A sensibilidade feminina, que vai sendo culturalmente negada aos homens, é um dos critérios mais relevantes da liderança.
A liderança veste calça ou saia?
Fui criado por uma rainha filha de outra rainha. A minha mãe criou-me sozinha tendo três empregos em simultâneo. A minha avó tirou uma licenciatura em Belas-Artes, carta de condução, teve nove filhos e reformou-se aos 70 anos porque a obrigaram. Aos 98 ainda tomava conta da família toda e nunca a vi queixar-se um único dia da vida dela.
Arrepio-me sempre que ouço falar que as mulheres ganham menos. Não é esse o mundo de onde venho nem o mundo onde quero viver.
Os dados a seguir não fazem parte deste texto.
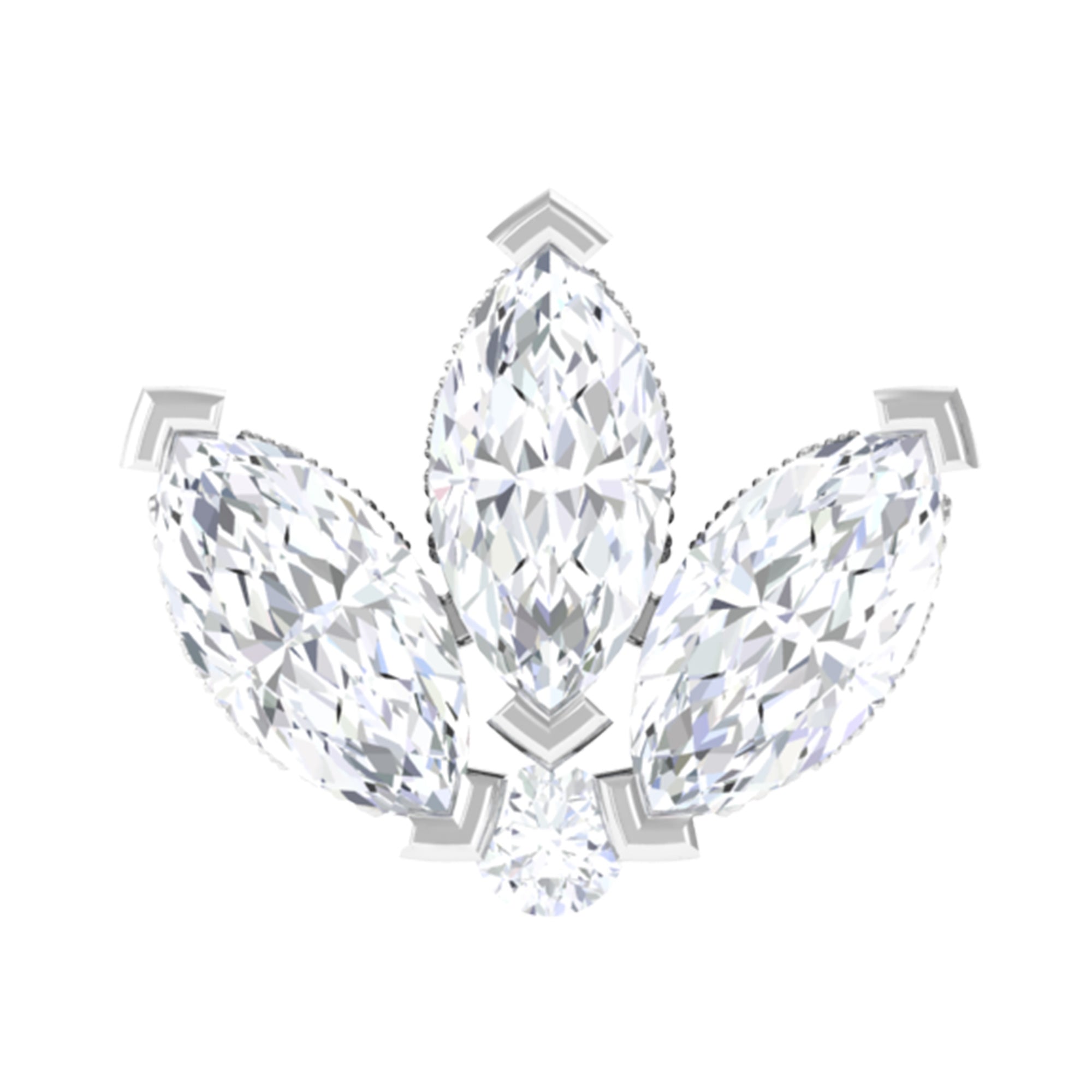 Rosec Jewels-Marquise Diamond Lotus Flower Earring for Helix Piercing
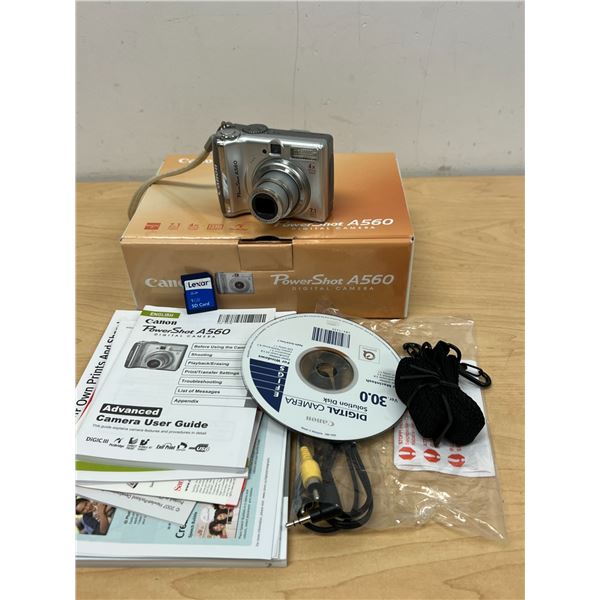 Canon Power Shot A560 Digital Camera 7.1 Megapixel 4X Optical & accessories - powers, not tested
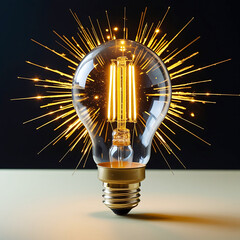 Bright, glowing light bulb on a vibrant or dark background symbolizes energy, inspiration, and the power of a new idea or invention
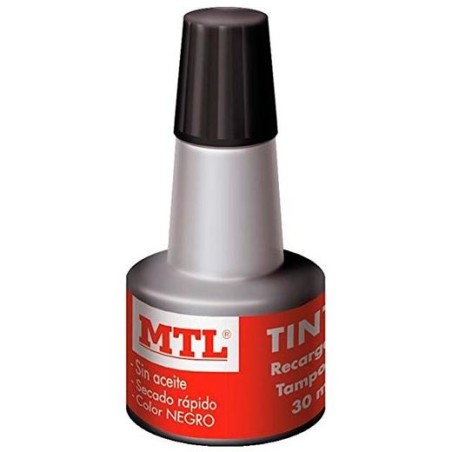 MTL TINTA DE SELLAR PARA RECARGA DE TAMPONES 30ML NEGRO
Sempre que uma mulher chega ao topo da cadeia de poder, é notícia. Em pleno século XXI ainda não é comum que as mulheres ocupem cargos de topo e isso é visto com admiração (e surpresa!) tanto por homens como pelas próprias mulheres. Criam-se vários fóruns sem homens, prémios e concursos para o efeito, curiosamente quase sempre com designação estrangeira, porque em português não soa tão bem a premiação feminina: Women Entrepreneurship Award, Women on Boards, Portuguese Women in Tech and many others.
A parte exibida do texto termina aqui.